I’m afraid that the “powers that be” cannot control the levels of the Great Lakes. Any attempt to do so with the Ship and Sanitary Canal would result in severe flooding of the Illinois River and would most likely have very little effect on the level. Just think about Niagara Falls a moment and picture how much water flows over the falls. That is a wide open flow to the St. Lawrence River (ultimately) from the Great Lakes. Mother nature controls the levels of the lakes, not man.

The SS Badger sails between Ludington, MI and Manitowoc, WI during it’s operating season. It has the ramps similar to those shown in the pictures, only shorter. Badger was originally a rail car ferry, going into service for the Pere Marquette Railroad in 1953 and still is a coal fired, steam powered vessel. The rails have been paved over and she is now used as an automobile and passenger ferry.

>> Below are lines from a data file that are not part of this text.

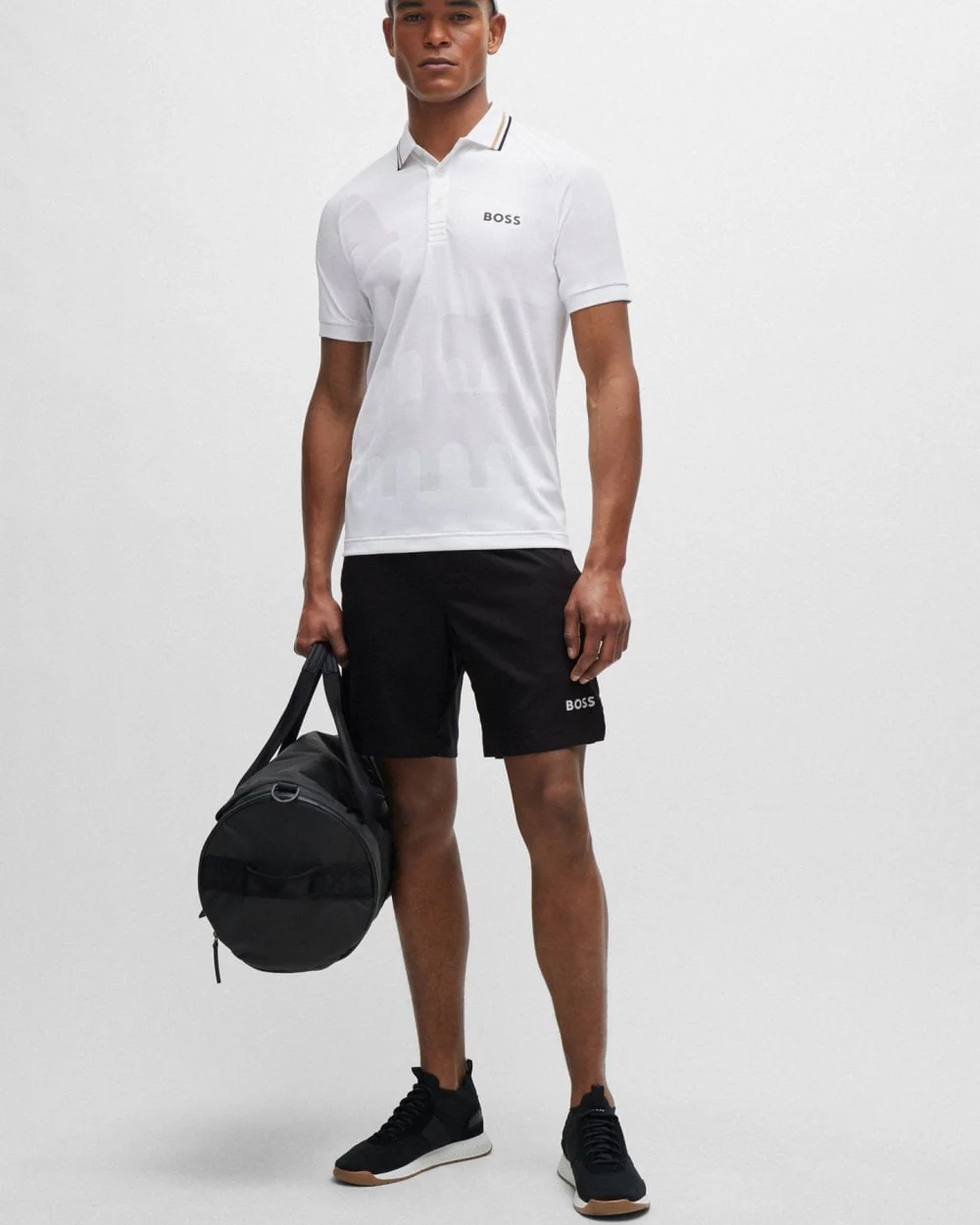 BOSS Green x Matteo Berrettini Mens Engineered Jacquard Short Sleeve Polo Shirt - Image 3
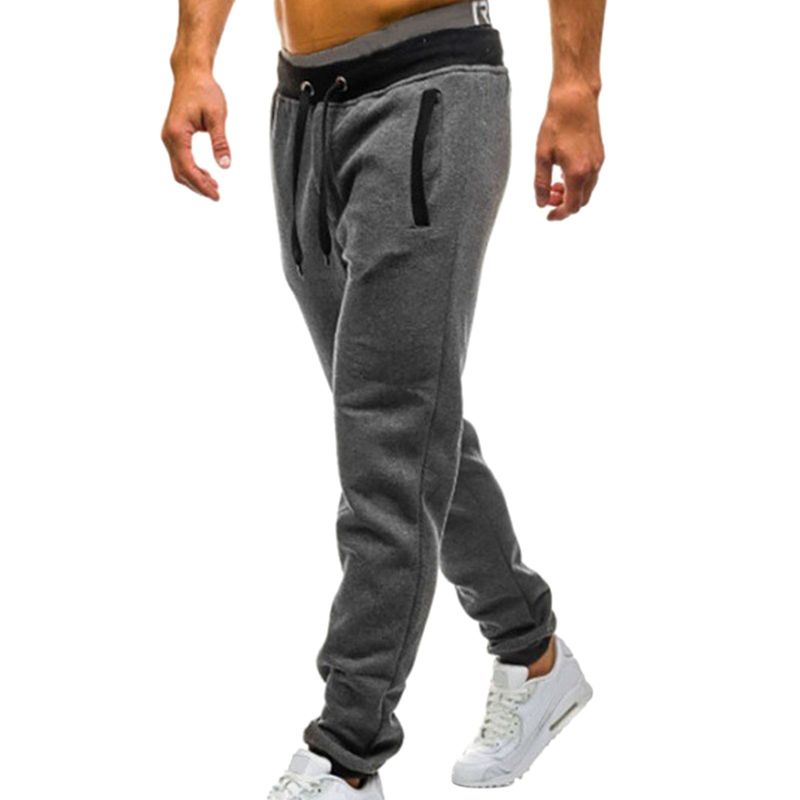 Herrenhose mit mittlerer Taille, einfarbig, lässig, mit Taschen, elastische Hose, lockere Hose_voghion.com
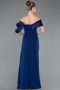 Robe De Soirée Longue Bleu Marine ABU4024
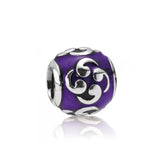 925 Violet Enamel Inlaid Wave Bead Charms Chinese Element Jewelry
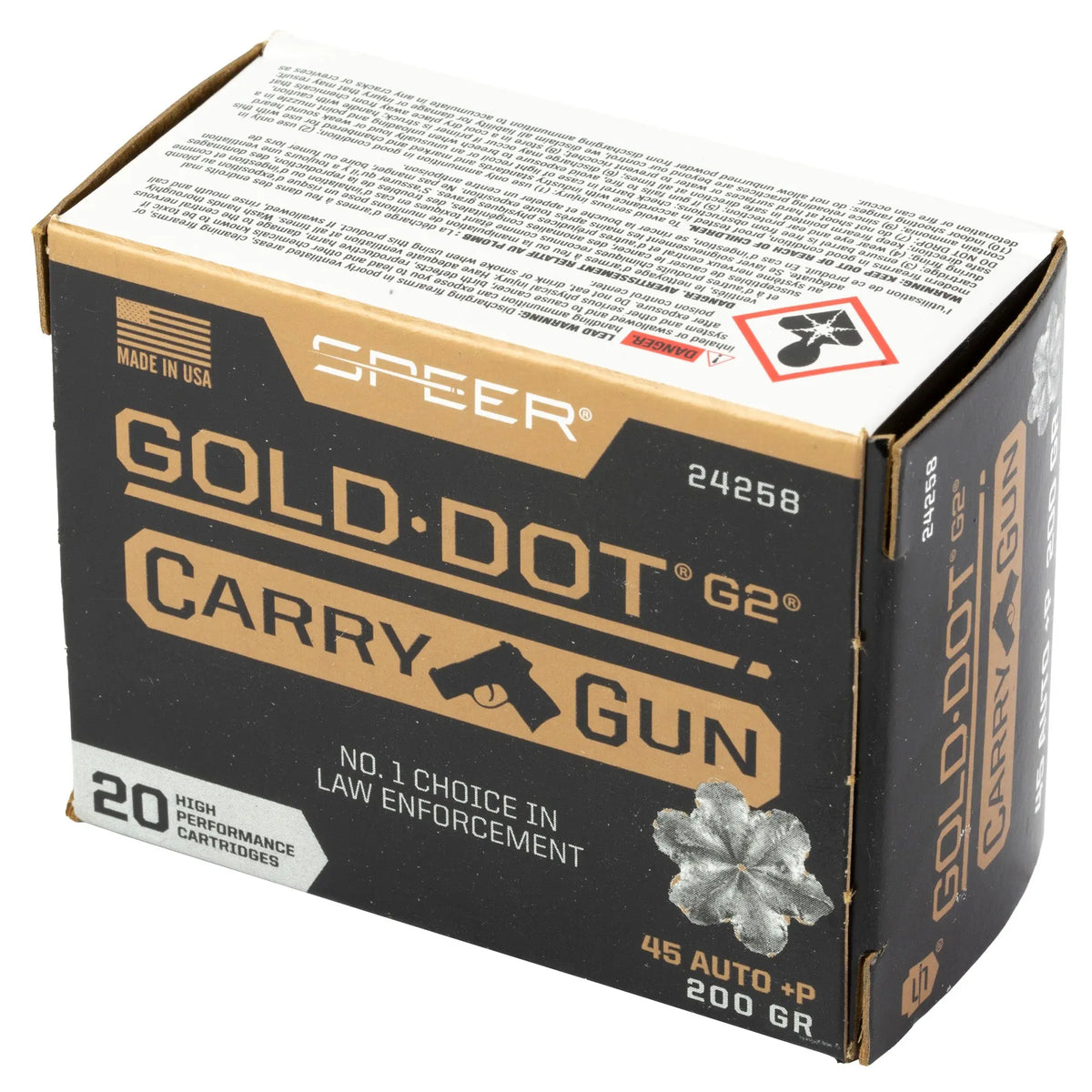 SPR GLD DT CARRY GUN 45AUTO +P 200GR - American Ordnance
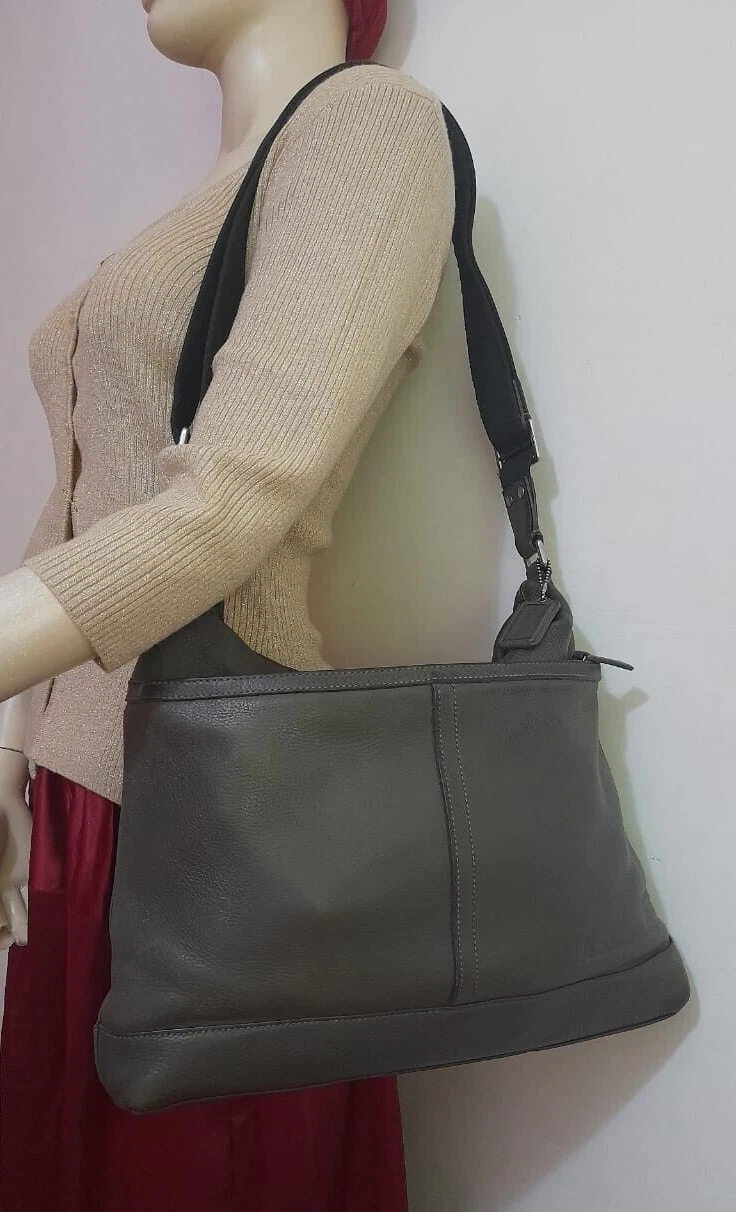 Borsa vintage Coach F70457 in morbida pelle morbida e morbida Messenger grigia tracolla resistente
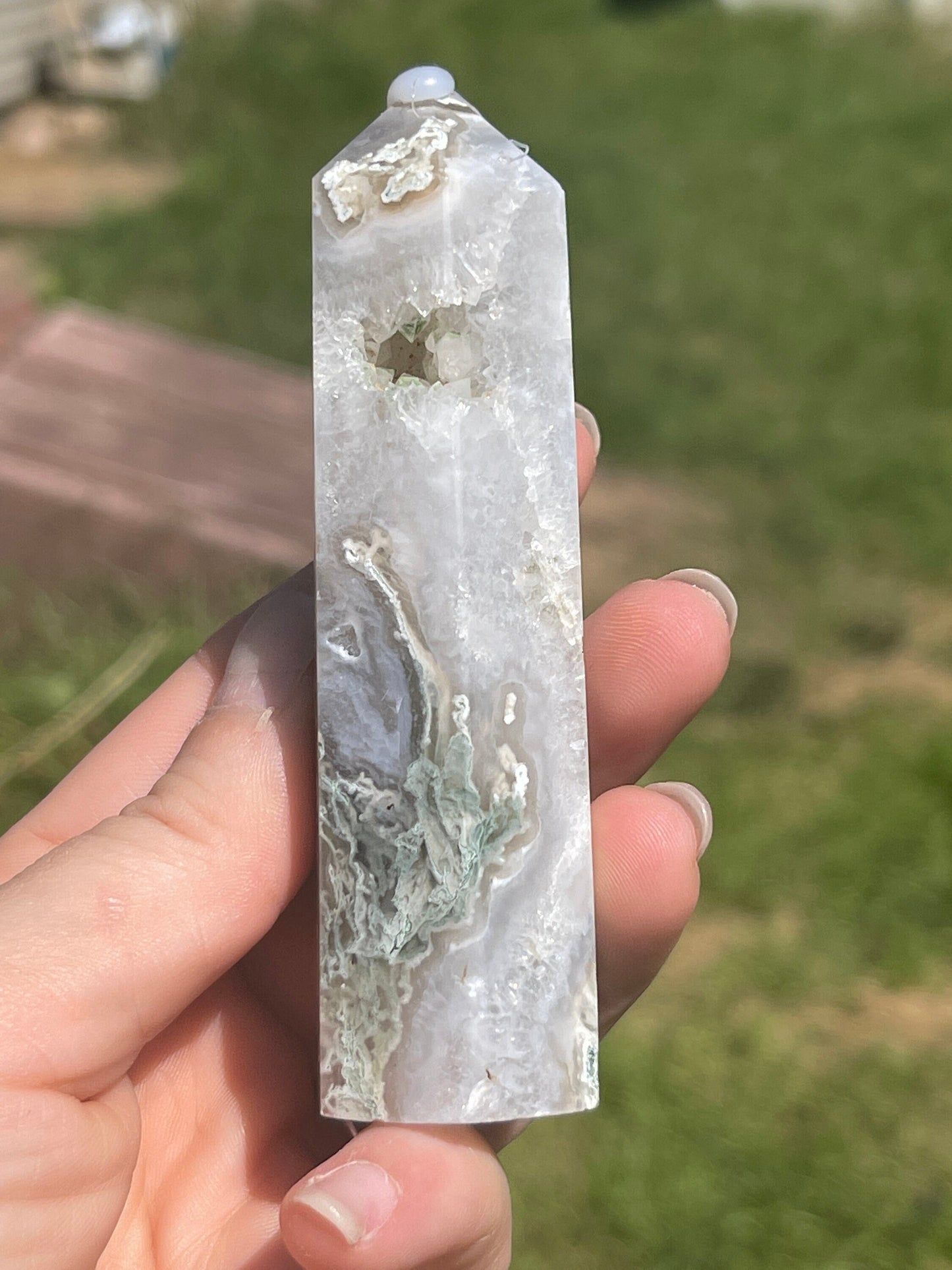 Moss Agate Crystal Tower
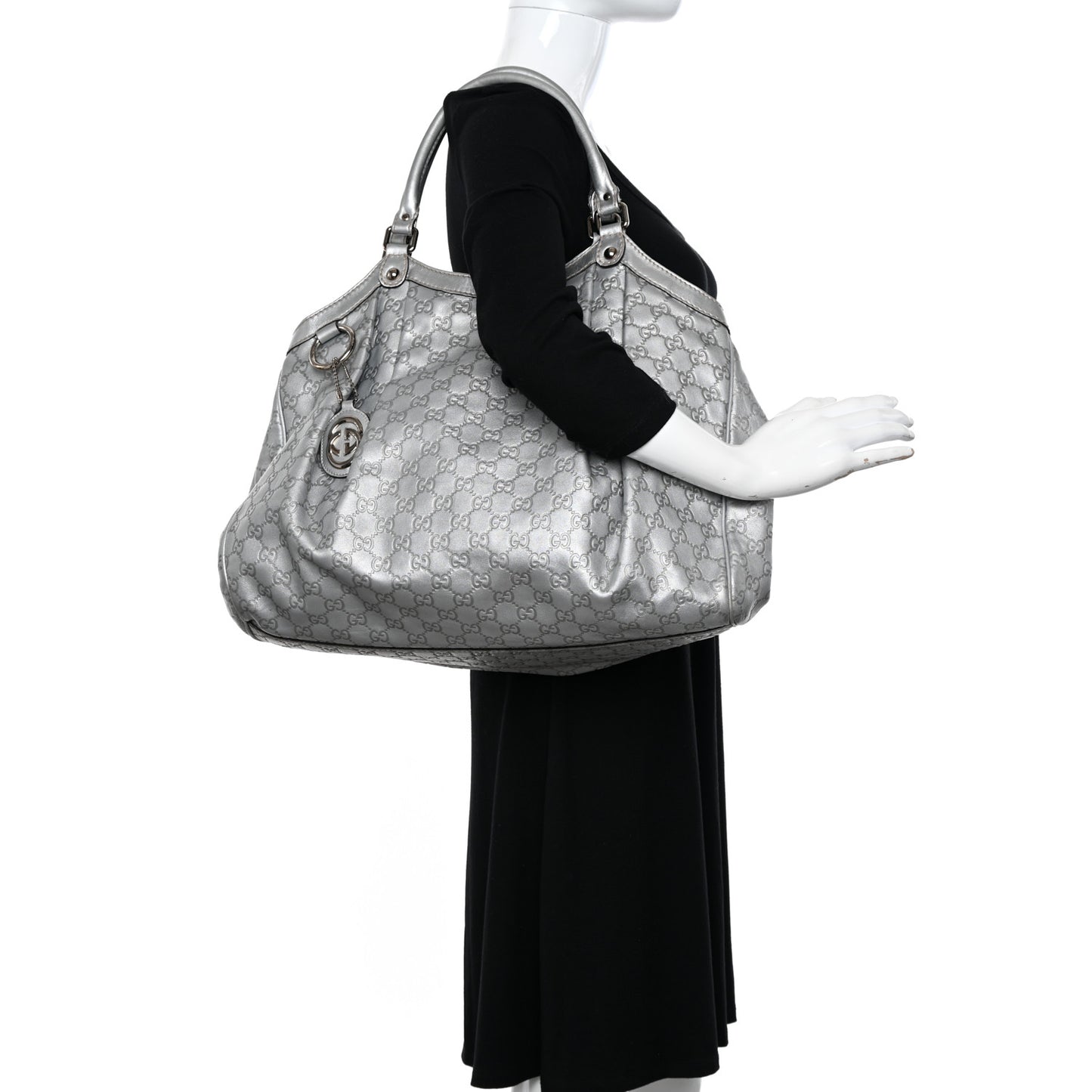 Guccissima Large Sukey Tote Silver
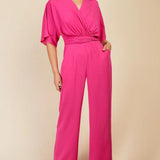 Little Mistress Pink Twist Detail Jumpsuit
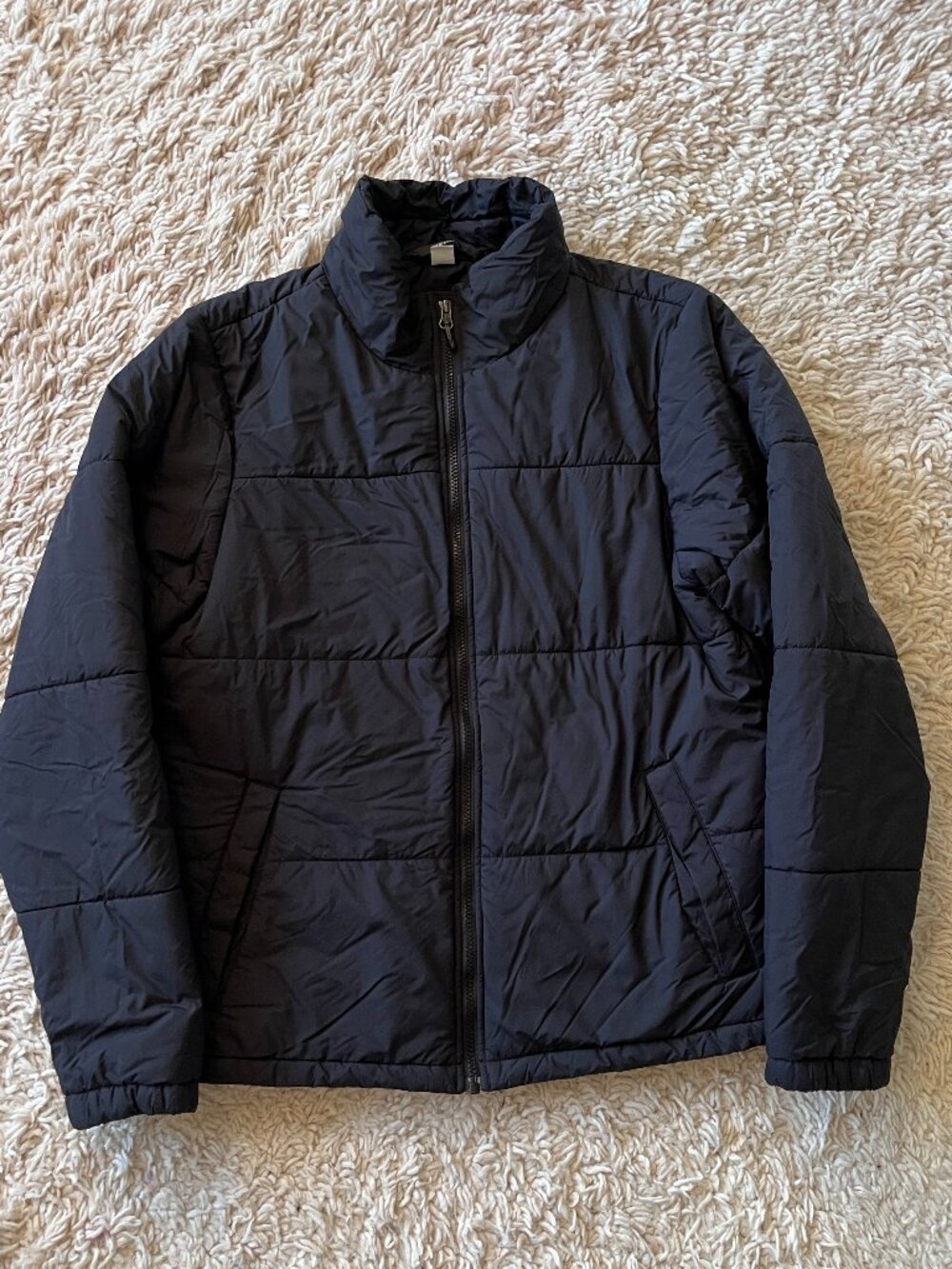 REI Co-op Puffer Jacket Black Mens Medium Zip Up Insulated Outdoor Coat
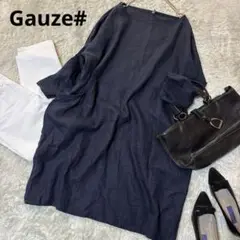 美品＊ガーゼ Gauze# 洗えるリネン100 ゆったりワンピース ネイビー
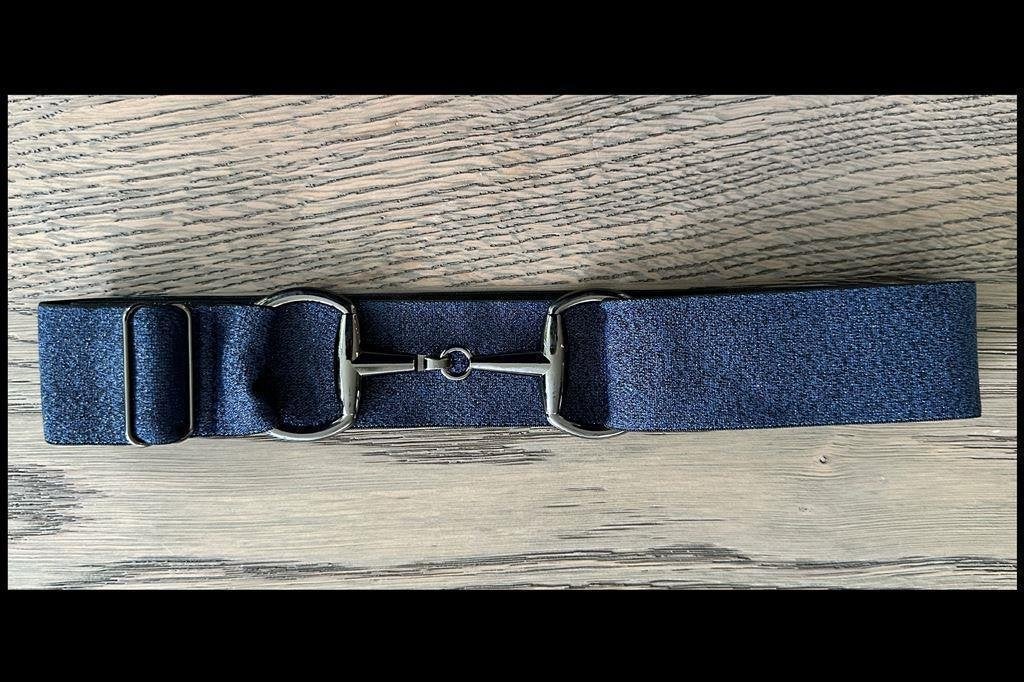 Glitter Navy - Zwart - Paardrij Riem - Trensriem - Paardrijr, Ophalen of Verzenden, Nieuw, Recreatie, Overige typen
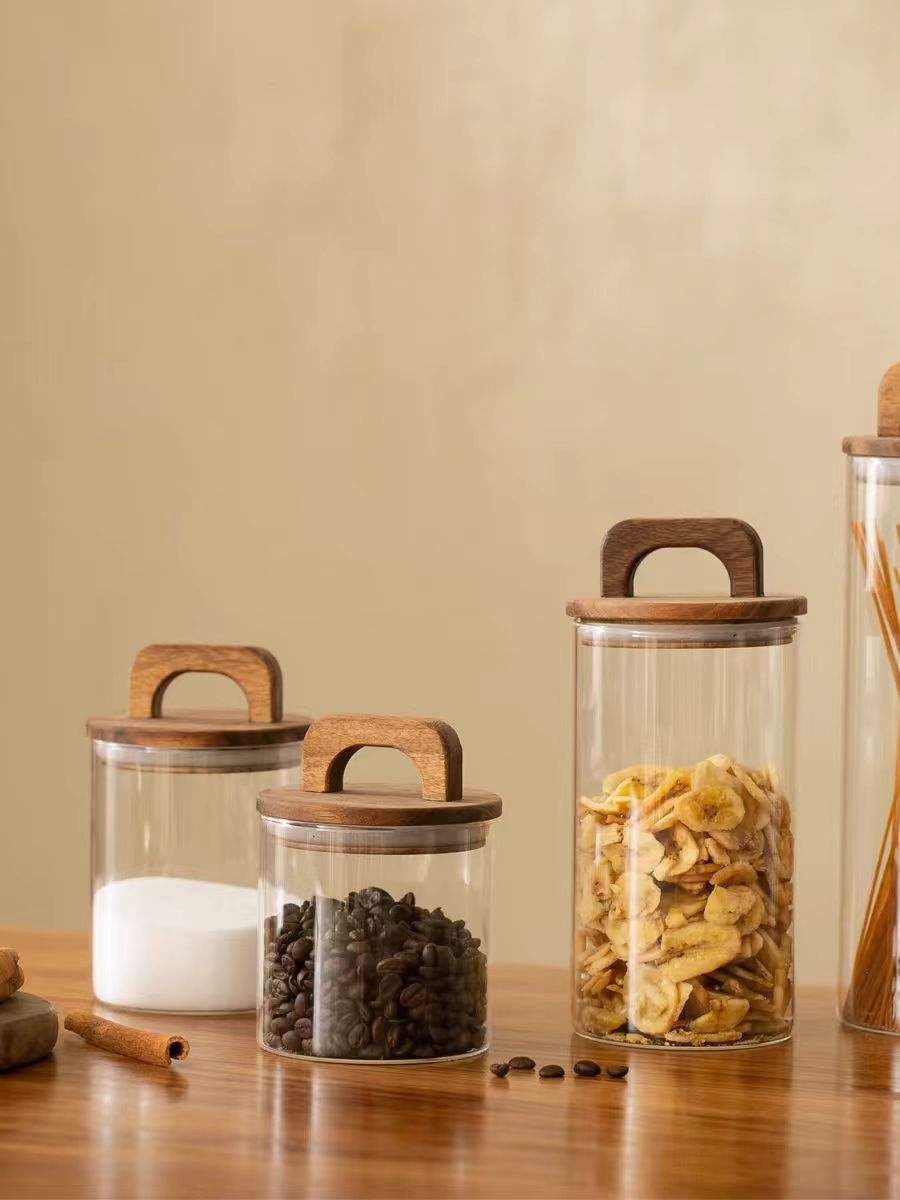 Borosilicate Glassware With Bamboo Air Tight Lid  3pcs Storage Jars | Perfect for use in kitchens, pantries, or as decorative storage solutions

She can handle very heavy trucks which most modern ferries like the Lake Express out of Muskegon,MI cannot.

As I said, Mother Nature has a tendency to confound efforts to control lake levels, but there is an international body (the International Joint Commission) specifically charged with coordinating exactly that. There is quite the controversy ongoing right now about how to best do it. As GT suggests, there is a lot of interaction involved - if Lake Superior is too high, you can’t just dump water into Lakes Michigan and Huron - you have to consider how fast they can get rid of it, too.

Lake Superior can be controlled to a degree by the dams at Sault Ste. Marie. The Chicago canal has already been mentioned. The Welland Canal offers some control, and the dams at the St Lawrence Power Project in and around Massena, NY, offer control of Lake Ontario and the St Lawrence River.

That said, low water levels in Lake Superior over the past few years have resulted in lower water levels in the rest of the lakes. You can’t fill up a bucket unless the tap is running.

The IJC’s challenge is to maintain suitable water levels for shipping and recreation all along the system, while at the same time ensuring sufficient water to generate power at the power dams.